Like its face-hugging, predatory villains, the Alien franchise just keeps finding another life despite recent lackluster streak at the box office. The latest endeavor, Alien: Romulus, is directed by Fede Alvarez, best known for cult horror favorites like Don’t Breathe and the remake of Evil Dead. With those credentials, you are not wrong to presume that this installment will lean more on the horror elements, a return to the franchise’s root. Perhaps, that’s for the better. After Ridley Scott’s 1979 original captivated with its gory cosmic horror, the James Cameron-directed sequel turned it into Terminator-esque action-driven sci-fi, a formula that worked on the 1986 movie but faltered when emulated in later sequels. Glad to report that this return to roots also yields a return to form for the franchise.
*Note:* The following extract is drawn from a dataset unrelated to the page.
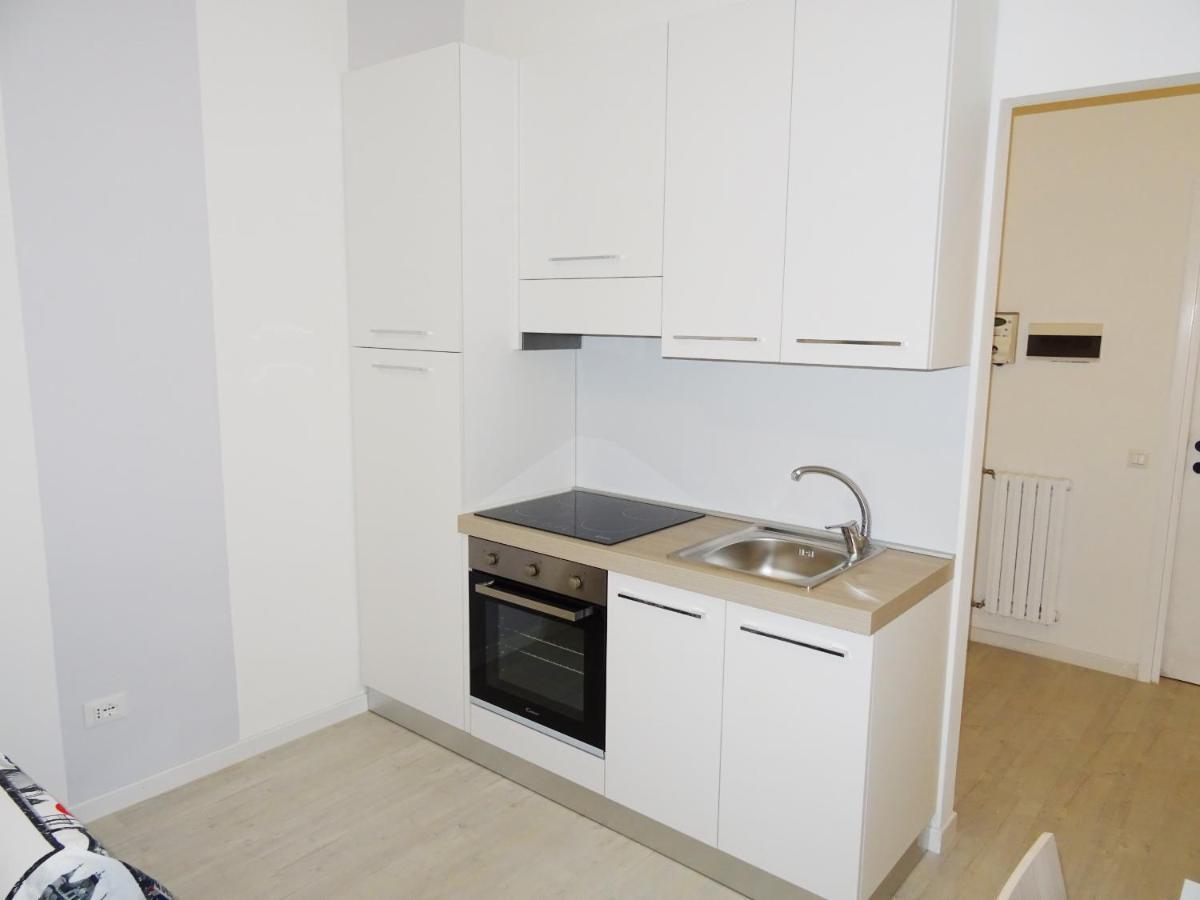 Апартаменты Affittimoderni Milano White Экстерьер фото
Set between the events of Alien and Aliens, Alien: Romulus is essentially a soft reboot of the original Sigourney Weaver film. In this, a young mine colony worker named Rain (Cailee Spaeny) joins a ragtag bunch of space grifters searching for a better life on another planet. To be able to travel the 9-year long journey, they plan to steal cryo-sleep chambers from an abandoned ship caught in the orbit of their colony. Of course, things go awry once they arrive on the ship. Their expedition accidentally defrosts a bunch of savage face-hugging aliens, trapping the crew in a deathly battle for survival.
Elements introduced in Alien: Romulus would be quite familiar to those with knowledge of the previous films. After all, nostalgia-driven features are the norms nowadays. But what keeps this film feeling energized and, daresay, fresh, is the many intertwining elements working in harmony.
On the worldbuilding front, director Alvarez managed to recreate the weird, Lovecraftian outer space atmosphere from the original. Utilizing a lot of practical effects, there is a sense of tactileness to the whole set. This also makes it easy to build up the icky factor later when the aliens begin their preying. Designed to mimic the original in terms of technological advancement (since it’s set around the same time), there is a sense of continuity and throwback vibe. Complementing the visual resplendence, Benjamin Wallfisch’s score fills the ambience with disconcerting sounds that took cues from its predecessors like Jerry Goldsmith, James Horner, and Harry Gregson-Williams and does its own thing with those elements. Remarkably, Alvarez managed to pull it all off with a fraction of the other films’ budgets: Alien: Romulus cost $80 million, a steal for a big studio tentpole.
Horror movies tend to be cheap to make. A veteran of the genre, Alvarez has found the sweet spot between the indie resourcefulness of a horror film with the splashy undertaking of a spectacle film. While the later Alien films tend to splurge and over-explain the mythology, this one wisely keeps to its cosmic horror angle, the fear of the unknown and humanity in its center.
Spaeny readily fills Weaver’s ceiling-breaker boots with her own take of a vulnerable heroine placed in an impossible situation. In recent years, the actress has displayed such a remarkable range with her works in Mare of Easttown, Priscilla, and Civil War. This time, she proves that she’s got the grit to carry a horror/sci-fi/action franchise as well.
Smartly written and well crafted, this film is perhaps the best entry in the Alien film series in decades.